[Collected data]
* * *
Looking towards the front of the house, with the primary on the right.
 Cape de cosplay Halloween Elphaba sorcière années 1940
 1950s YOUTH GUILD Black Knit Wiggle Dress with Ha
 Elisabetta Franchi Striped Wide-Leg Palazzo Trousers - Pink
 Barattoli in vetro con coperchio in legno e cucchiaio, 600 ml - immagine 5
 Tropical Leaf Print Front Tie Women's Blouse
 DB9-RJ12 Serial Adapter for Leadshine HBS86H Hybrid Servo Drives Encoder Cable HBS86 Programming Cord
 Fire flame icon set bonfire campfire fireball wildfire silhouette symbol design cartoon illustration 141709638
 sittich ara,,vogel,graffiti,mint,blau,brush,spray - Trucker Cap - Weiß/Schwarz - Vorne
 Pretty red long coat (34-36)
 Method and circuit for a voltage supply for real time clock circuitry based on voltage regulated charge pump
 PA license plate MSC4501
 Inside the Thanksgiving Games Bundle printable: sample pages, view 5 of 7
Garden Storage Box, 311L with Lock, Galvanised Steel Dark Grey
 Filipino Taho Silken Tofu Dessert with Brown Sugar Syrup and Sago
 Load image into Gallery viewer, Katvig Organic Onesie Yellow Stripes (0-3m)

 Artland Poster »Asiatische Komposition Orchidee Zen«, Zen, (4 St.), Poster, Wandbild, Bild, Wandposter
* * *
From the entries above, extract each line containing "with".

RESULT OF THIS EXERCISE.
Looking towards the front of the house, with the primary on the right.
 1950s YOUTH GUILD Black Knit Wiggle Dress with Ha
Garden Storage Box, 311L with Lock, Galvanised Steel Dark Grey
 Filipino Taho Silken Tofu Dessert with Brown Sugar Syrup and Sago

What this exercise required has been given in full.